The hotel has everything including running water and glass in the windows but is missing lots of bugs, a giant pail of water, hard beds and pillows and bare concrete floors. I'll have to make due. The Hotel was originally built as a palace and I love the old large verandas that wrap around the entire building. There are comfortable sitting areas in leafy gardens and it's a great place to recover from a few tough days on the road. Right across the road they have Delta Coffee, a restaurant serving some of the best coffee in town from their plantation on the Bolaven Plateau. The owners of the restaurant raise money to build schools for the children of the plantation workers. It is excellent Arabica coffee and I should be there for most of my time in Pakse.

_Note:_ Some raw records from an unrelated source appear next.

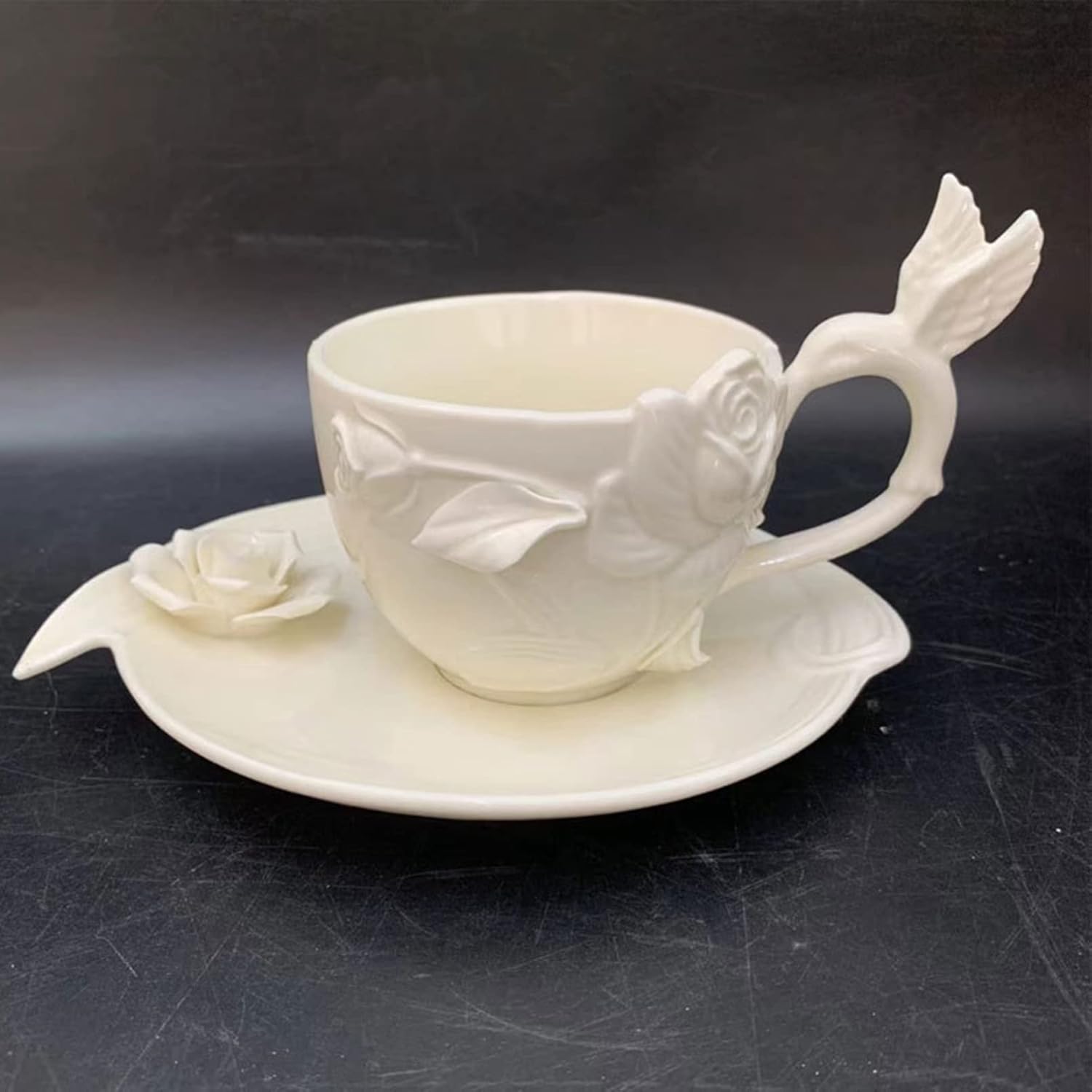 1客セット カップ＆ソーサー 皿 浮き彫り ティーセット 陶器 ドリンクカップ フランス風 食器 コーヒーマグ 来客用 自宅 母へ 彼女 パーティー用 ギフト 個性 ミルクティー 紅茶 コーヒー エレ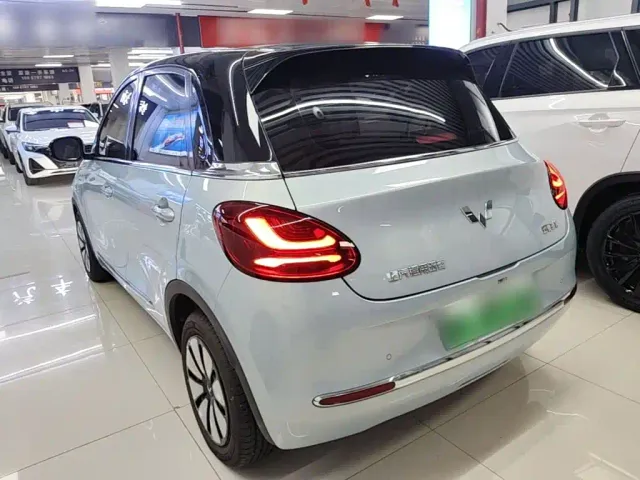 Wuling Bingo — Фото автомобиля 4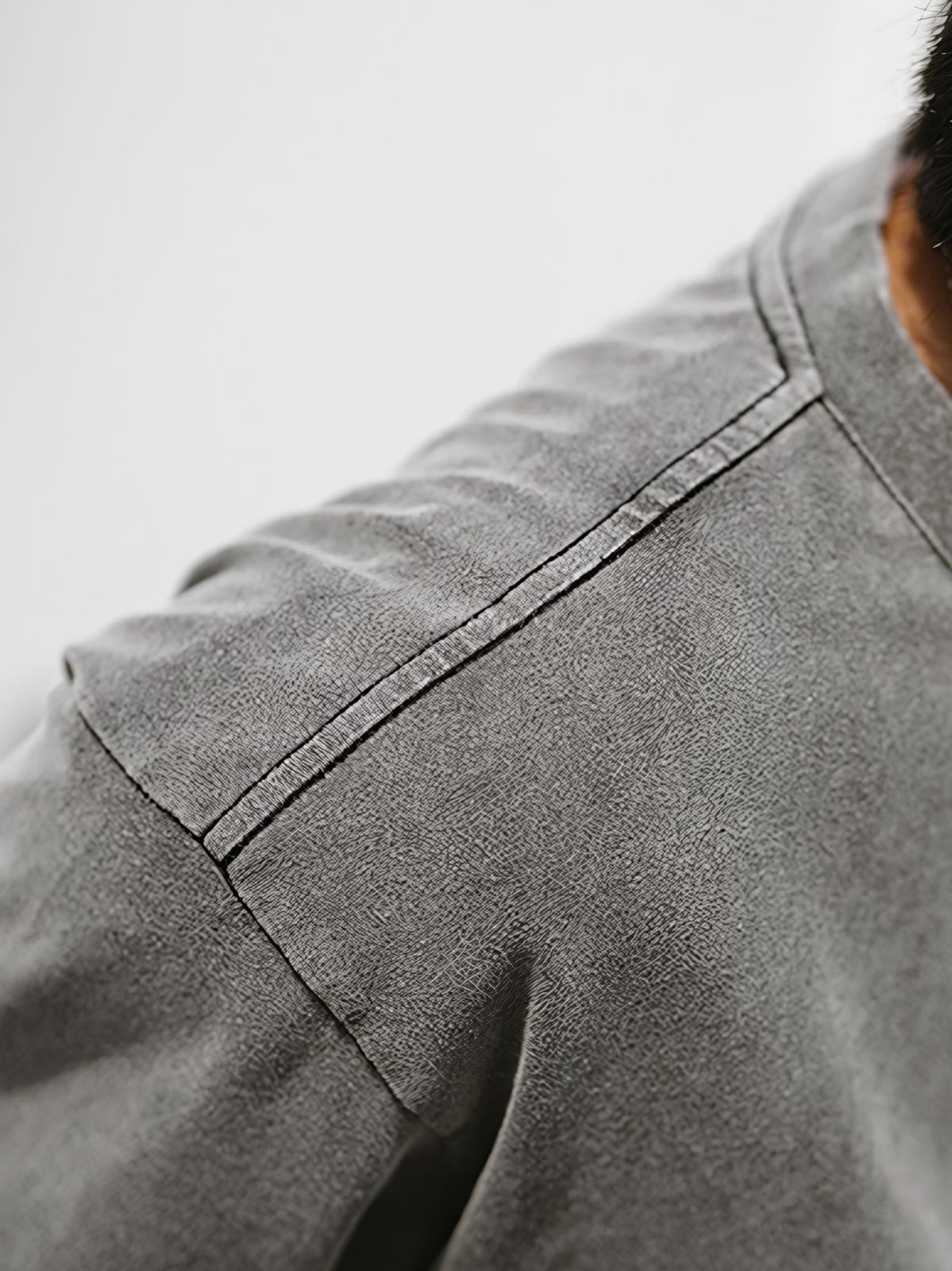 詳細画像: Tシャツの襟元と袖口の三角カットディテールのクローズアップ
モデル画像: ヴィンテージ風Tシャツを着用したコーディネート例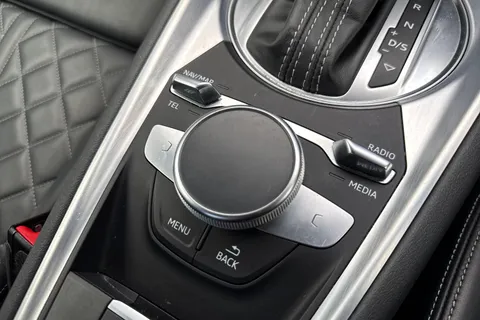 EK23AOW Audi TT Coup- Black Edition 40 TFSI  197 PS S tronic Thumbnail #53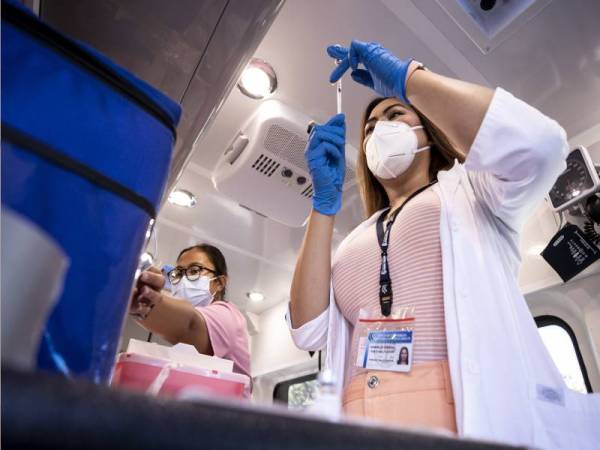 Jumlah kumulatif kes positif Covid-19 seluruh dunia ketika ini menghampiri 260 juta berikutan lebih 600,000 kes baharu dikesan dalam tempoh 24 jam lepas. - Gambar hiasan 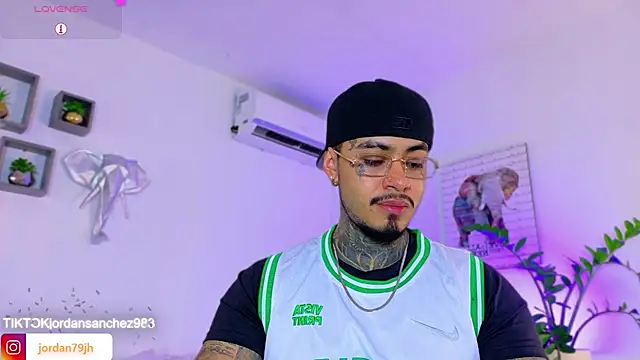 JordanSmiith  online show from March 2026 09:06:01 PM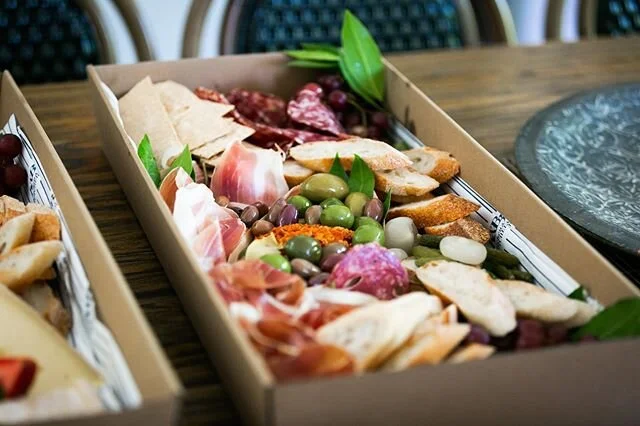 Platters for picnics 🌱⛱ -
-
📸 @brettgoldsmith -
-
#catering #cateringmelbourne #caterer #melbournecaterer #healthymeals #partyfood #breakfastmeeting #corportatelunch #privatedinner #birthdayparty #corporateevent #corportateeventcatering #charcuteri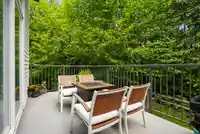 24 18681 68 AVENUE - thumbnail 11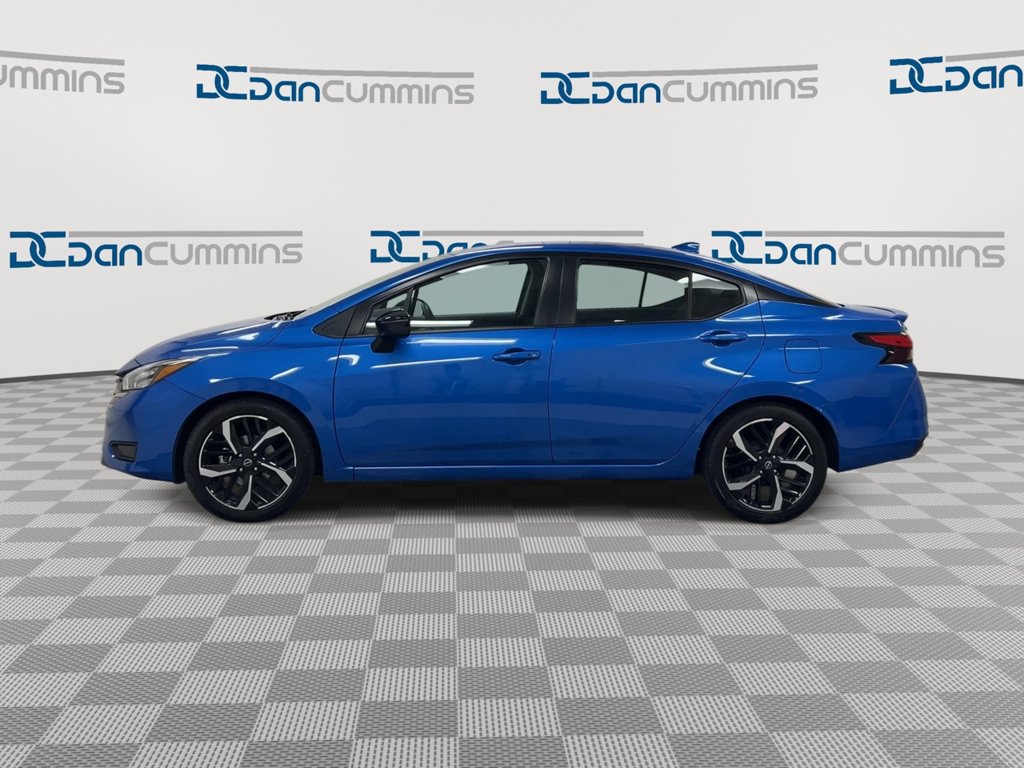 Used 2024 Nissan Versa SR FWD image 5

I am quickly running out of time on my Laos visa. It is hard to believe I have been here for 3 weeks as Laos has been an amazing experience. I will never forget the sounds of high-pitched kid's voices yelling Sabaai-Dee. Nor will I forget the kids that come up to my knees running out to the roadside and waving or mothers holding their infants and smiling while they wave their child's hand in greeting. I remember all the times I stopped in villages to eat some noodle soup while little children shyly peered from behind pillars to see the Farang and then breaking out into a smile once I wave to them. I remember a group of children bravely yelling hello only to run for their lives when I stopped my bike to talk with them. Eventually they came back and allowed me to take their picture while the young girls giggled and the boys acted cool. It is like being here back before tourism became popular in Laos and a place I could feel like a local eating their food, sleeping in Spartan accommodations and enjoying the simple life that we usually only see in pictures.
I wasn't the only one feeling the heat.
I arrived in Pakse in Southern Laos on Tuesday April 19th and will spend a few days here at the beautiful Champasak Palace Hotel.